Darauf hob kürzlich auch Horbs Oberbürgermeister Peter Rosenberger in der Kreistagssitzung ab. Die Horber hätten die Leistung und Arbeit von Olinczuk "schätzen und lieben gelernt". Der OB geht davon aus, dass man sich einigen kann.

Peter Paul Olinczuk ist als Durchgangsarzt der einzige Mediziner in Horb, der im Auftrag der Berufsgenossenschaft Arbeitsunfälle behandeln, begutachten und weiterleiten darf.

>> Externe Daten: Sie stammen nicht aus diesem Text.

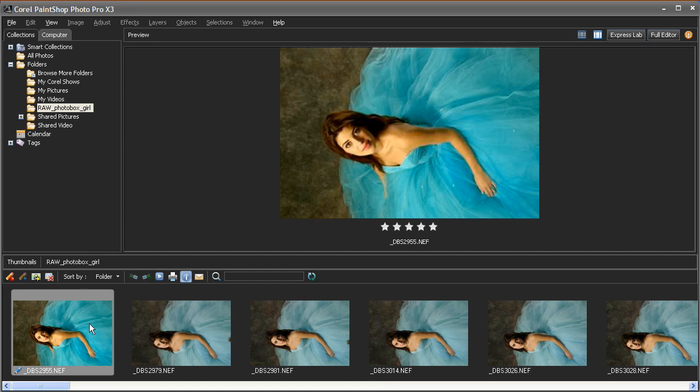The new Batch Processing feature in PaintShop Photo Pro X3 makes it easy to apply edits you've done to one image to a whole series of images.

Die Berufsgenossenschaft hat ihr nächstes Krankenhaus in Tübingen.

In dem offenen Brief werfen die Mediziner einen kritischen Blick aufs MVZ Horb: "Dass es bereits in der Vergangenheit Schwierigkeiten bei der Nachbesetzung von Fachärzten im MVZ Horb gab und gibt, ist bekannt. Dr. Fridrich, unser gynäkologischer Kollege, hat den Praxisbetrieb so lange aufrecht erhalten, bis jetzt eine Nachfolgerin gefunden wurde."

Davor war bereits die psychiatrische Sprechstunde mit Astrid Tontsch weggefallen. Seitdem hat Horb keine psychiatrische Praxis mehr. Auch einen Urologen und einen Hautarzt hatte es in früheren Jahren zeitweise im MVZ gegeben.

Die Ärztinnen und Ärzte warnen: "Wir befürchten, dass im chirurgischen Bereich eine entsprechende Versorgungslücke entsteht. Für den Bereich Horb und Umgebung wäre dies eine unzumutbare Härte. Die Patienten müssten nach Oberndorf, Nagold, Tübingen, Herrenberg oder Freudenstadt ausweichen, was mit erheblichem Zeitaufwand verbunden wäre. Ganz abzusehen von Situationen, wenn Patienten auf den öffentlichen Nahverkehr angewiesen sind. Dies würde eine erheblich schlechtere ambulante Versorgungssituation des Ostbereiches des Landkreises Freudenstadt zur Folge haben."

Die 20 Unterzeichner des offenen Briefs fordern die Stadt Horb, den Landkreis sowie die KLF-Führung auf, "sich im Sinne einer ortsnahen, lückenlosen Patientenversorgung im chirurgischen Bereich zu entscheiden."

Abschließend heißt es: "Wir hoffen nicht, dass, wie bereits in der Vergangenheit geschehen, die Idee darin besteht, dass bei einer Schließung der chirurgischen Praxis im MVZ Horb die Patienten dann automatisch, da ohne Alternative, im Krankenhaus Freudenstadt behandelt werden müssen. Dies funktioniert, wie die jüngere Vergangenheit schon gezeigt hat, nicht. Es käme unweigerlich zu einer Abwanderung der Patienten in die umliegenden Kreise. Ob das gewollt ist, ist fraglich."

Ein Umstand, auf den die Unterzeichner gar nicht erst abheben, ist die Frage, warum Olinczuk überhaupt geht. Da stehen widersprüchliche Antworten im Raum.

Er selbst hatte mitgeteilt, dass er zwar 67 werde, aber nicht in Ruhestand wolle. Er wolle weiterhin als Chirurg und Durchgangsarzt für seine Patienten und die Horber Bevölkerung arbeiten, wenn man ihn lasse.

Der Geschäftsführer der Krankenhäuser Landkreis Freudenstadt (KLF) Ralf Heimbach hatte das anders dargestellt. Der Weggang Olinczuks sei dem Umstand geschuldet, dass er das 67. Lebensjahr erreiche. Sucht das MVZ einfach nur eine kostengünstige Lösung?

Oder befürchten die 20 Ärztinnen und Ärzte sogar Schlimmeres? Am Ende des Briefes steht: "Wenn wir die neuerlichen Artikel in der Presse lesen, scheinen wir auf eine Schließung des MVZ vorbereitet zu werden" – in das der Landkreis vor wenigen Jahren mehr als 11 Millionen Euro investiert hat.